China is big. No, China is huge. If a city such as Philadelphia, with its population of 1.5 million, was placed in China, it wouldn’t even show up on the map - there are villages with more people. And China, in its hugeness, is undergoing a change so dramatic that one wrong move could threaten to unravel the whole social fabric. This delicate balancing act is truly a sight to behold, and it is something one cannot genuinely appreciate for what it is unless you see it on the ground, firsthand.
The crane is China’s state bird. Indeed, no skyline is complete without them, especially in Beijing where I live. They are responsible for throwing up buildings so fast that the skyline changes not decade to decade, but year to year. The rapidity of the construction is absolutely mind-blowing. But it doesn’t take gazing at the skyline to appreciate the pace at which China is developing. Not far down the street from the apartment complex where I live, there is a nice hotpot restaurant. Before I landed in Beijing, my roommate, also from Penn, had scouted out this restaurant. He marked it down as a candidate for our end-of-semester celebration, because at that time, construction work was still being done on the inside of the building. Light fixtures were being installed, walls were being painted and there was no furnishing to speak of. By his reckoning, if the pace of construction resembled that of the Moravian Cafe, we would be lucky to eat there once or twice before returning to America. The place was open for business three days later and the business was good.
The swiftness of change and the chaos of it all really makes China a wild and exciting place. The rampant capitalism that has taken hold of this country produces some truly interesting businesses. Interesting in the sense that it evokes the questions “Can they actually do that?” and if so, “Should they be doing it?” I remember when my roommate found a place he called the Boulder Bar online and suggested we check it out one night. I understood the part about the bar. That much was in my field of experience. But what of this boulder? Is it some kind of haven where geophiliacs gather to discuss rock formations over a Tsingtao? He explained, “You can go rock climbing and order mixed drinks all at the same place!” I thought he was kidding me until I found myself standing at the doorstep of the Boulder Bar – motto: Extreme Experience. At that moment, I could not think of a more irresponsible combination than alcohol and high places. Extreme the experience was and thankfully, someone had the foresight to make sure the foam cushions at the base of the climbing wall were extra, extra thick.

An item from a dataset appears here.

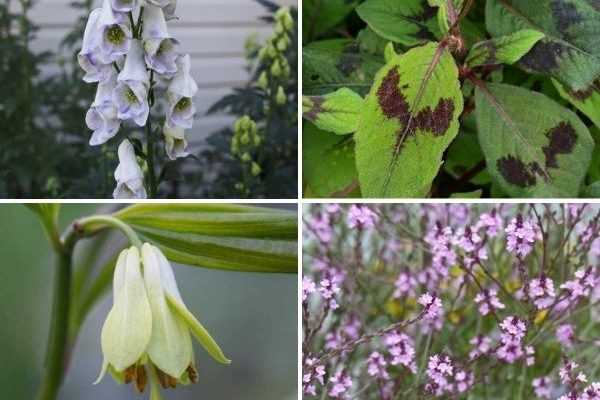 Vivaces : nos nouveautés printemps 2021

It’s not hard to appreciate how being an American makes China a consumption paradise. Money talks in America. But it screams in China, especially if those are dollars you are holding. The depreciated value of the reminbi makes China very easy on the wallet, for the most part. For example, with 1 reminbi, or around 12 cents, I can get popsicle ice cream in one of an endless number of flavors - I’ve been working on trying out every flavor out for three months. On the other hand, there are places like Bai Jia Dazhaimen where cuisine is served to you in an imperial atmosphere with waitresses decked in imperial garb calling you “Master” or “Madame.” They bow and curtsey too which can be a bit difficult to get used to. A reservation for the pavilion by the pond must meet a minimum 1,200 reminbi baseline expenditure excluding drinks. That said, $150 is not
that much to pay for a fancy night out, but the same figure in reminbi represents more than a third of a rural Chinese household’s annual income. It doesn’t take much searching to find evidence of the dangerous bipolar society created by marketization and globalization between the haves and the have-nots.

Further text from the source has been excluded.